Q: It wouldn’t be fair to not ask this of a man because I feel like women get it all the time, but how are you balancing personal life with professional life, especially being still in that newlywed-ish period? (Meyers and his wife Alexi Ashe wed in 2013.)

A: I’m coming up on two years being married and you realize that you are going to have good shows and bad shows and that is just part of this.

So the nicest thing about having a home life is you can focus on it and take care of it, and that part is consistent, which helps ensure the ups and downs of this job are not as intense.

And Alexi, my wife, is a prosecutor in Brooklyn and she deals with sex crimes so she has a much more intense life than me. So if she can manage to leave her work in the office, it would be wrong for me to come home and complain about how hard it was telling jokes all day.

Q: A recent article called you a "political kingmaker." How are you possibly going to choose between the 8 million people running for president?

A: "Kingmaker" is certainly someone else’s term and it’s very nice to be called that but I don’t quite think that’s the case.

But I will say we are so happy anytime anyone who is running for president wants to come on the show and talk about it.
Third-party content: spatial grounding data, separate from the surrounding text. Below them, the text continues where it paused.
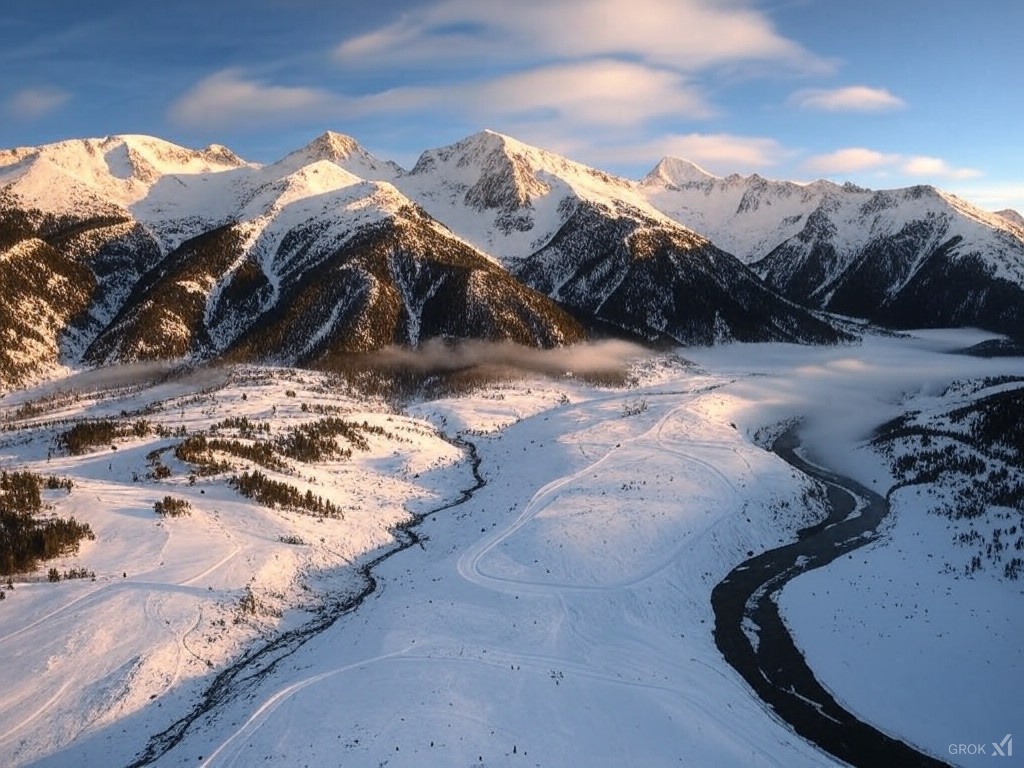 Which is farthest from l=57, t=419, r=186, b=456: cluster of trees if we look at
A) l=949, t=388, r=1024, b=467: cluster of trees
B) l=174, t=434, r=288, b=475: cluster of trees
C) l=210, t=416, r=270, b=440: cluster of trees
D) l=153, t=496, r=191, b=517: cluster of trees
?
l=949, t=388, r=1024, b=467: cluster of trees

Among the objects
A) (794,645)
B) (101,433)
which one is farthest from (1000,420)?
(101,433)

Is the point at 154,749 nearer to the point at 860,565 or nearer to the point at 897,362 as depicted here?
the point at 860,565

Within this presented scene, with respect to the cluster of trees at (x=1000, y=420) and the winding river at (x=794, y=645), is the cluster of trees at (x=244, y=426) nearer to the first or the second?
the winding river at (x=794, y=645)

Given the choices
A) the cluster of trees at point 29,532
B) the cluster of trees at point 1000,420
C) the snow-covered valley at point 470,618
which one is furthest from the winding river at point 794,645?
the cluster of trees at point 29,532

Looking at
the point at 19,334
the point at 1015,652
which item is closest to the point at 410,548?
the point at 1015,652

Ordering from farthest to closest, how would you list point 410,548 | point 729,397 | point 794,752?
point 729,397
point 410,548
point 794,752

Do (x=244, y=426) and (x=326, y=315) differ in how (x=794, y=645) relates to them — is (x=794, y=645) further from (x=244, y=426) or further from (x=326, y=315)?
(x=326, y=315) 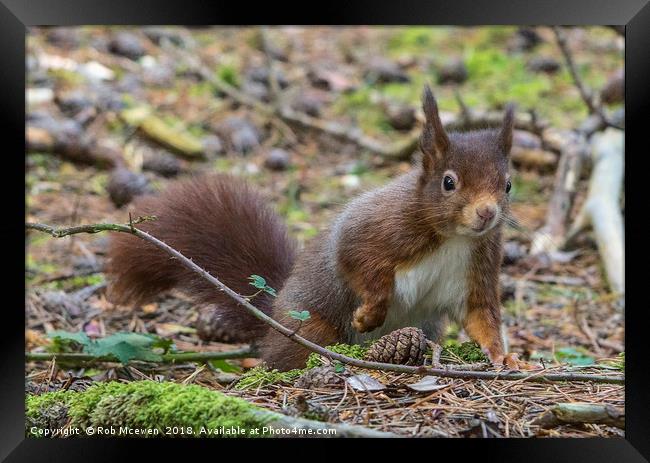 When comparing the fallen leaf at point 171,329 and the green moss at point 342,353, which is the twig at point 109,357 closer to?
the fallen leaf at point 171,329

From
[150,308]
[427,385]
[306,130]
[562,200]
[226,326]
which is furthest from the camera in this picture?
[306,130]

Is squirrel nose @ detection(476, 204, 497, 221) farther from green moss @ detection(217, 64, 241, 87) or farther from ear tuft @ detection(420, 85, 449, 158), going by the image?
green moss @ detection(217, 64, 241, 87)

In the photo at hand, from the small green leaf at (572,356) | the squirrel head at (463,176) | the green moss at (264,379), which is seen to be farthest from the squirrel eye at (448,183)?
the small green leaf at (572,356)

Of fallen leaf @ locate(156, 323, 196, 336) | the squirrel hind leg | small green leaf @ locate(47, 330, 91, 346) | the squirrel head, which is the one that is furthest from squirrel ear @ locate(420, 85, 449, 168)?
fallen leaf @ locate(156, 323, 196, 336)

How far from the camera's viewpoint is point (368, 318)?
2135 millimetres

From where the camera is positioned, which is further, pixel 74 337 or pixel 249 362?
pixel 249 362

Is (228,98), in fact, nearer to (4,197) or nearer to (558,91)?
(558,91)

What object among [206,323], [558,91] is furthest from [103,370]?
[558,91]

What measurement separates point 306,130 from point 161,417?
120 inches

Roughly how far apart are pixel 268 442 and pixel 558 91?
11.9ft

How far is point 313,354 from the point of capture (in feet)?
6.82

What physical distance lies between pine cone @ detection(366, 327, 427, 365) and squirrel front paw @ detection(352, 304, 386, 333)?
177mm

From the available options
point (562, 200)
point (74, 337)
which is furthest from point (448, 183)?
point (562, 200) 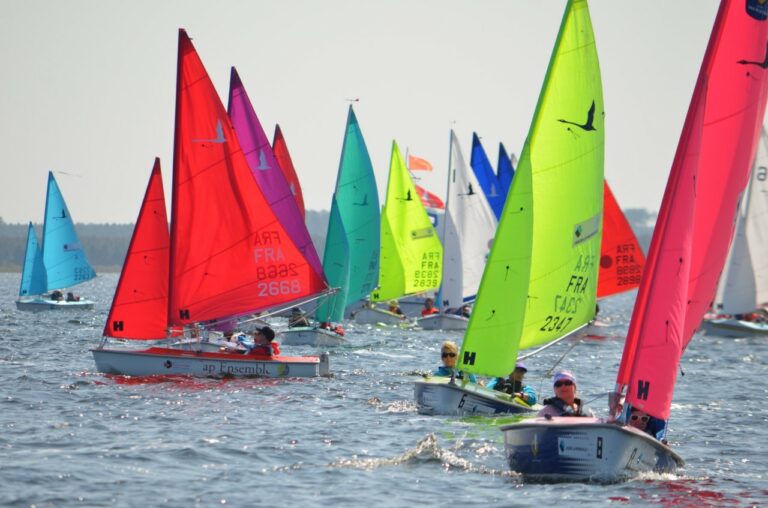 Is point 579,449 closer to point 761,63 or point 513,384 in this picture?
point 761,63

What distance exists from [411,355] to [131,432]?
793 inches

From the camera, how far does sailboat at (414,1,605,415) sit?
66.5 feet

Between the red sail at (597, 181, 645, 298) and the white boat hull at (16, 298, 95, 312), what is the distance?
29843mm

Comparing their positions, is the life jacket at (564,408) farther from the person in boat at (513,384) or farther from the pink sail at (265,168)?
the pink sail at (265,168)

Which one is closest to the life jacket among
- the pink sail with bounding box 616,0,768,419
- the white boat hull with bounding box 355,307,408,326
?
the pink sail with bounding box 616,0,768,419

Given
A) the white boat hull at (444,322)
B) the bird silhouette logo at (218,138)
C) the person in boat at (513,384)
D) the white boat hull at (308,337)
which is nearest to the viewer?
the person in boat at (513,384)

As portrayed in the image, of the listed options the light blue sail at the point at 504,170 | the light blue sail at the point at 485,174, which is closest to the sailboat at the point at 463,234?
the light blue sail at the point at 485,174

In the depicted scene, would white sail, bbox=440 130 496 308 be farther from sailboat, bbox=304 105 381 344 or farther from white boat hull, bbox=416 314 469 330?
sailboat, bbox=304 105 381 344

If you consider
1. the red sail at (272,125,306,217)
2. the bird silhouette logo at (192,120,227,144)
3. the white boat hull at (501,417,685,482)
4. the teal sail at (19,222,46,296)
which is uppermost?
the red sail at (272,125,306,217)

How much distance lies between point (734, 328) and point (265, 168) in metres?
28.5

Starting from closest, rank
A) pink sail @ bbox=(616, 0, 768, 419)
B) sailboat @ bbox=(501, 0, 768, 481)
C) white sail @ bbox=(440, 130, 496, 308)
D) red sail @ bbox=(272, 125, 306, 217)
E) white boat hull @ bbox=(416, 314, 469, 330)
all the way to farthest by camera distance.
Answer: sailboat @ bbox=(501, 0, 768, 481), pink sail @ bbox=(616, 0, 768, 419), red sail @ bbox=(272, 125, 306, 217), white sail @ bbox=(440, 130, 496, 308), white boat hull @ bbox=(416, 314, 469, 330)

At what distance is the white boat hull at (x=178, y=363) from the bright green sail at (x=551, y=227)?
7.65 meters

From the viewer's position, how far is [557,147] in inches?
815

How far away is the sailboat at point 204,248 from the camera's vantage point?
2792cm
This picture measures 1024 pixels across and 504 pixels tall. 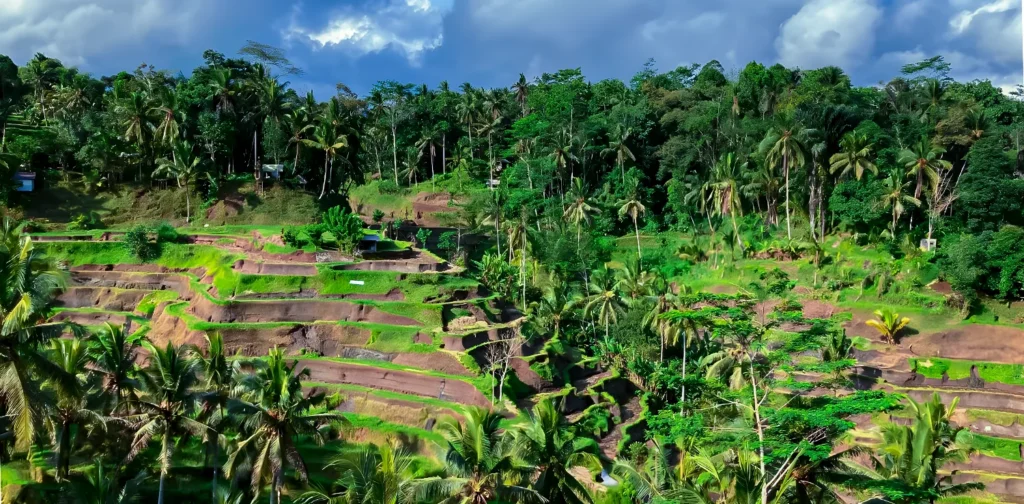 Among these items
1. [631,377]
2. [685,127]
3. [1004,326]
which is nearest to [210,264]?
[631,377]

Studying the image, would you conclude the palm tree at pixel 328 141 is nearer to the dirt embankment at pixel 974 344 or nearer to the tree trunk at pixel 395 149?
the tree trunk at pixel 395 149

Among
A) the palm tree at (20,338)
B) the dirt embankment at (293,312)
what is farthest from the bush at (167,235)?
the palm tree at (20,338)

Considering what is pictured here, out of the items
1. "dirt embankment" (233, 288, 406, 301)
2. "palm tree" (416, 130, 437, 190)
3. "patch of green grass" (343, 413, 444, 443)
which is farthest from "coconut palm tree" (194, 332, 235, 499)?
"palm tree" (416, 130, 437, 190)

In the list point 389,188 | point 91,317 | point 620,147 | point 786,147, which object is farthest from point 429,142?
point 91,317

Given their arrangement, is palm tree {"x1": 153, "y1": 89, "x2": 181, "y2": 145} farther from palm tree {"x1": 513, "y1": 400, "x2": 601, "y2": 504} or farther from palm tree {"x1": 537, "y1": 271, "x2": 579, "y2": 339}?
palm tree {"x1": 513, "y1": 400, "x2": 601, "y2": 504}

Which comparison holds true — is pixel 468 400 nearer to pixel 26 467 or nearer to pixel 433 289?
pixel 433 289

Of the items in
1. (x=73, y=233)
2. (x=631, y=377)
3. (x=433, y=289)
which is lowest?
(x=631, y=377)

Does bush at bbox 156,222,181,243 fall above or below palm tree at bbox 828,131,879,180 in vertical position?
below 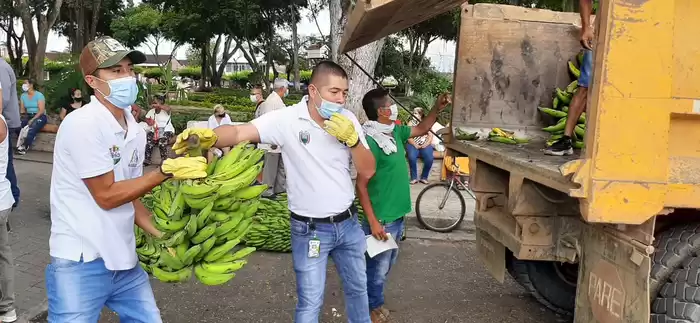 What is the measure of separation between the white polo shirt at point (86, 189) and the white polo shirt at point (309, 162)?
3.33ft

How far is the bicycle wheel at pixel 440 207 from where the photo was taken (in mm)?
7594

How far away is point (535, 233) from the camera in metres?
3.40

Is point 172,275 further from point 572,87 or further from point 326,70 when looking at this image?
point 572,87

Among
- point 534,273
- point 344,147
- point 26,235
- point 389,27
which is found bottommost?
point 26,235

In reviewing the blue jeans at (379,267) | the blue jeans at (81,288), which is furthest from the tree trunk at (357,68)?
the blue jeans at (81,288)

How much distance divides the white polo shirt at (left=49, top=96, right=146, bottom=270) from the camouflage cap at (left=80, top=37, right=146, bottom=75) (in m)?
0.18

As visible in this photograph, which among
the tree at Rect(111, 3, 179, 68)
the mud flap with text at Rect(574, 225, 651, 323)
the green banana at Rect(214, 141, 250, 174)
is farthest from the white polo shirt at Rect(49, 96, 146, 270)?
the tree at Rect(111, 3, 179, 68)

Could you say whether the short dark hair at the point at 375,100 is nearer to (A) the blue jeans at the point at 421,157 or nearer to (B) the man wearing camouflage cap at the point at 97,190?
(B) the man wearing camouflage cap at the point at 97,190

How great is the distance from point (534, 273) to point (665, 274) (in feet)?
6.10

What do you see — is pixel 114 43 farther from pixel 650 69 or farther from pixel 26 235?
pixel 26 235

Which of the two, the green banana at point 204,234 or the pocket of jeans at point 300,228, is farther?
the pocket of jeans at point 300,228

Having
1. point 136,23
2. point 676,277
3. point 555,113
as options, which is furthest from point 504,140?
point 136,23

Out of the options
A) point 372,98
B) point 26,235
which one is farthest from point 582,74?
point 26,235

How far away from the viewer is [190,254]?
2.87 metres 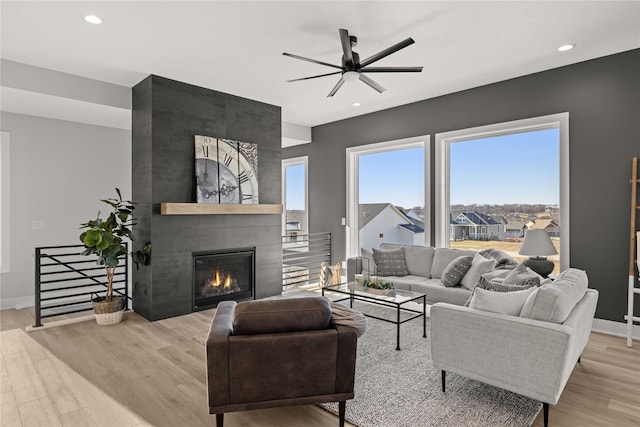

It’s incredibly exciting. Even people who are seen as longshots.

You can talk to a lot of people who have a high opinion of themselves when you work on a talk show so anytime you can talk to a person who thinks they’re the right person to run the country, it is just such a delight to have the chance to ask them questions.

Q: This election promises to be a big one. And with (The Daily Show host) Jon Stewart stepping down at the same time they’re calling you a kingmaker – even if you’re being modest about taking the title - you must have some hope for some big guests on the show. Who are you hoping for?

A: For someone like me, I’ve had so much respect for what Jon’s done over the years. I think it’s really hard for anybody to ever do the job quite as he did.

But I think what he showed is that if you have on people from maybe not the conventional fields [typically] on talk shows and talk to them at an intelligent level, people are going to be just as interested in watching you have a discussion with them as they would seeing you talk to someone from the more conventional fields of TV and movies.

So we certainly want to keep doing that and hope that it’s something people will continue to enjoy watching on our show.

And you know as far as the candidates, we would love all of them to come on. At this point, we’ve had Bernie Saunders and Carly Fiorina and Ted Cruz and I think Marco Rubio is coming up. It would be great to have Jeb [Bush], it would be great to have Hillary [Clinton]. And it would be absolutely fantastic to have Donald Trump.

Q: Agreed. He has a lot to say. So, outside of these plans, what else are you looking forward to?

A: I am so excited about Documentary Now! and working with Bill and Fred again is so exciting. And I think it’s a real cool special show that there’s nothing quite like it on TV. 

And for me, it is such a fun treat to be doing an animated show about superheroes and the fact that Hulu has been kind enough to give us a third season of The Awesomes, I kind of pinch myself every time they send cuts for me to look at.

It’s a delight to have those things also happening.